Подобная дезориентация во времени присутствует и в нескольких коротких стихотворениях, написанных во второй половине 1940-х годов. Эти стихи выражают чувство отчуждения от кажущегося неузнаваемым города и, на самом деле, от неузнаваемой и травмированной себя самой. Повторяющийся мотив, выражающий эту ситуацию, – мотив слепого, который обрел утраченное зрение, но которому трудно постичь мир, осязаемый прежде исключительно на ощупь[381]
. Больше всего Берггольц тяготит вина перед бывшим мужем, Николаем Молчановым, который умер в то время, когда у нее уже начался роман с Георгием Макогоненко – тем, кто впоследствии стал ее третьим мужем. В блокадных дневниках Берггольц неоднократно пишет о том, как смерть Молчанова остановила для нее нормальный ход времени:Я не знаю все еще, как же жить. Не умом не знаю, а практически. Ну, разве это дело – непрестанно,
– тосковать о Николае, жажду я его, как живого, в то время как говорю Юре, что люблю его, что он – жизнь моя и счастье[382].Стихи, написанные в середине 1940-х годов, показывают, что иногда смерть Молчанова казалась Берггольц чем-то временным, а не окончательным и бесповоротным.

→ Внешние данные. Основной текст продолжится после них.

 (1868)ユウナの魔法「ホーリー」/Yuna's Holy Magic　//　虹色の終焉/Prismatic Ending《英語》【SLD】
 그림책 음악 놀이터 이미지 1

Эта неразрешимая коллизия отразилась в двух стихотворениях, где прошлое и настоящее, воображаемое и реальное сплетаются воедино: поэтесса, вышедшая замуж в третий, встречает своего восставшего из мертвых бывшего мужа – Молчанова. Стихотворение «О, не оглядывайтесь назад» (1947) заканчивается строками, адресованными Молчанову, где поэтесса пишет, что обитает в особой пограничной области между миром живых и миром мертвых. Эти строки говорят о преданности, но так и не отвечают на вопрос, кто кому должен быть предан:
В послевоенных стихах о блокаде Берггольц лишается возможности связывать страдания с будущей победой, возвращаясь к такой репрезентации времени, которая была характерна для стихов 1941–1944 годов. Время представлено здесь либо в виде бесконечной неопределенности, либо как сбивающее с толку слияние настоящего и навязчивого прошлого: даже в своем воображении поэтесса не свободна в том, чтобы перемещаться между прошлым и настоящим, – временны́е ограничения блокады для нее по-прежнему актуальны, несмотря на то что пространственные ограничения были сняты.

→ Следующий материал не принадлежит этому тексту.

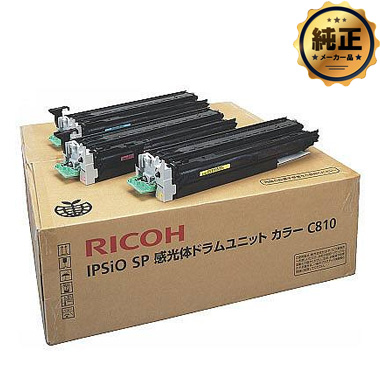 RICOH 感光体 ドラムユニット C810 純正：日本最大級のトナー・インク
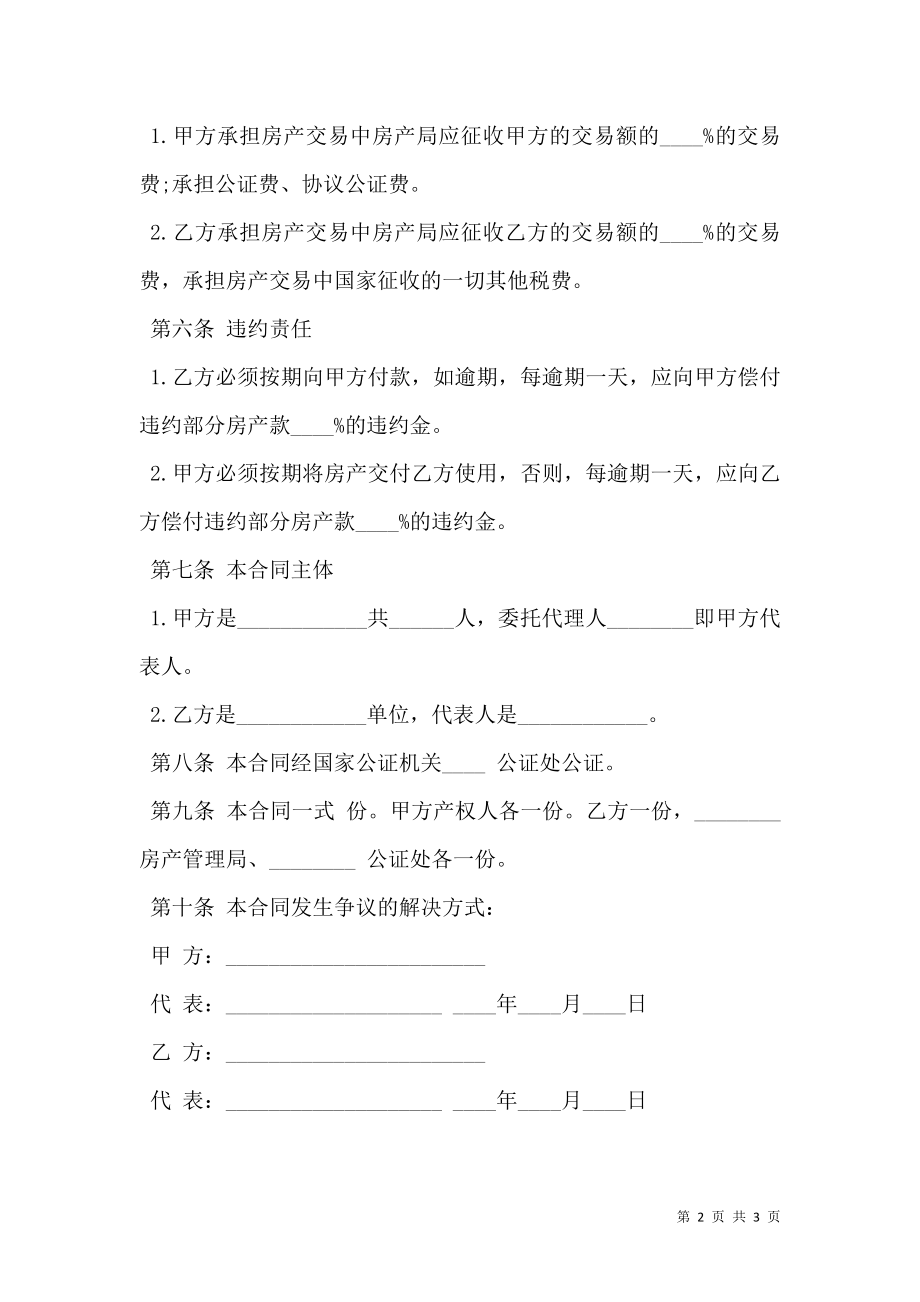 山东省购房合同样本.doc_第2页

В конце концов в лирической прозе «Дневные звезды» (1959) ей удается преодолеть эти ограничения, переработав опыт замкнутого пространства тюрьмы и блокады и отвергнув линейную хронологию ради ассоциативного принципа, связывающего друг с другом ключевые моменты ее жизни. Берггольц говорит об этих ключевых событиях как о своего рода эпифании – о том, что существует вне привычных временны́х границ, – только внутри этих событий она может «жить всей жизнью сразу». Это чувство освобождения фиксирует и дневниковая запись от 26 декабря 1941 года:
Это ощущение внутренней свободы я знаю еще по тюрьме, по одиночке № 9, когда, живя вдруг жизнью всей – прошлым, настоящим (кусок неба над намордником) и будущим, я смеялась от изумленной радости, от сознания полной и абсолютной свободы[384]

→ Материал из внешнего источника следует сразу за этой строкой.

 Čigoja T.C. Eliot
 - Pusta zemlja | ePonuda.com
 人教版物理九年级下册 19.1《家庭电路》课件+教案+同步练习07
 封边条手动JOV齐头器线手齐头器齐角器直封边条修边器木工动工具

.Многое из того, что Берггольц писала о своем личном блокадном опыте до «Дневных звезд», напоминало другое, хорошо знакомое ей пребывание в тюрьме, когда жизнь превращалась в нескончаемый кошмар:
Как в тюрьме, мне уже кажется все происходящее затянувшимся диким сном, и кажется, надо только делать усилие – и вот проснешься[385]
.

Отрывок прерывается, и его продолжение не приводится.